Exercise details –
Of the lines in the data below, write out exactly those from the one holding "Bath - 217 W" through the one holding "2020 Chrysler Pacifica Touring L photo 8", both included.

The data –
------------------------------------
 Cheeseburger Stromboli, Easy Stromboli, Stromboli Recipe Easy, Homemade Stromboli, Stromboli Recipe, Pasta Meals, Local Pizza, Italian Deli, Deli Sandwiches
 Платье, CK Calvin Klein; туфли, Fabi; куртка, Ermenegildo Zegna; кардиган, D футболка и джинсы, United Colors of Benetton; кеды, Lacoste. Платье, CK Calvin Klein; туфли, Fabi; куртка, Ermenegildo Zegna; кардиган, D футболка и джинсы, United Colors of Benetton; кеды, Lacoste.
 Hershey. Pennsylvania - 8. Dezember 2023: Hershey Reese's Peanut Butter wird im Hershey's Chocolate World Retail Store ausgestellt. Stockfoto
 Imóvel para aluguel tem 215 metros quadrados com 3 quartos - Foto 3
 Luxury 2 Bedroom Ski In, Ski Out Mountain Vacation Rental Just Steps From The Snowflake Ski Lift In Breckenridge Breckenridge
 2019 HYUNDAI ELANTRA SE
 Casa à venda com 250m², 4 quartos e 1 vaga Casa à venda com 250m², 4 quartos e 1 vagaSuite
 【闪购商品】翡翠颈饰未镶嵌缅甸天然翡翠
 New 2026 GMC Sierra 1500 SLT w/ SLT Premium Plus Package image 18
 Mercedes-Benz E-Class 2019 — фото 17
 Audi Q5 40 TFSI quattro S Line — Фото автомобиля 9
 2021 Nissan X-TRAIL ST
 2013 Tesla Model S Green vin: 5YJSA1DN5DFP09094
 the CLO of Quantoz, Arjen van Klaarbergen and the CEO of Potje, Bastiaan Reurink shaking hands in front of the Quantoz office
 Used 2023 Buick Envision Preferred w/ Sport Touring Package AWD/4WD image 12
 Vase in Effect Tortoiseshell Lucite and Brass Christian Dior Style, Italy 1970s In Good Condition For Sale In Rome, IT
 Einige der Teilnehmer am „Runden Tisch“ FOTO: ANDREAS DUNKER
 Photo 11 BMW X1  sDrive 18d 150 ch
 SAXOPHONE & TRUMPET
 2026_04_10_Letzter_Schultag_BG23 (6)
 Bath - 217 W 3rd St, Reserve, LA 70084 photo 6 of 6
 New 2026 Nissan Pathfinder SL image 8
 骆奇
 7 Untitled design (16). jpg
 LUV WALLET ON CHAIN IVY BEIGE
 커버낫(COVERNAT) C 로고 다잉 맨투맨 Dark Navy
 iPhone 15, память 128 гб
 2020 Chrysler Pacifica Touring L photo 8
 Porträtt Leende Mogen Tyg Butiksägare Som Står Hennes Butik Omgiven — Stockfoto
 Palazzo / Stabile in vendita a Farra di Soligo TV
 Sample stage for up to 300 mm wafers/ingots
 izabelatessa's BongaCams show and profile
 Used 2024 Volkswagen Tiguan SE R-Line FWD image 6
------------------------------------
Exercise solution –
 Bath - 217 W 3rd St, Reserve, LA 70084 photo 6 of 6
 New 2026 Nissan Pathfinder SL image 8
 骆奇
 7 Untitled design (16). jpg
 LUV WALLET ON CHAIN IVY BEIGE
 커버낫(COVERNAT) C 로고 다잉 맨투맨 Dark Navy
 iPhone 15, память 128 гб
 2020 Chrysler Pacifica Touring L photo 8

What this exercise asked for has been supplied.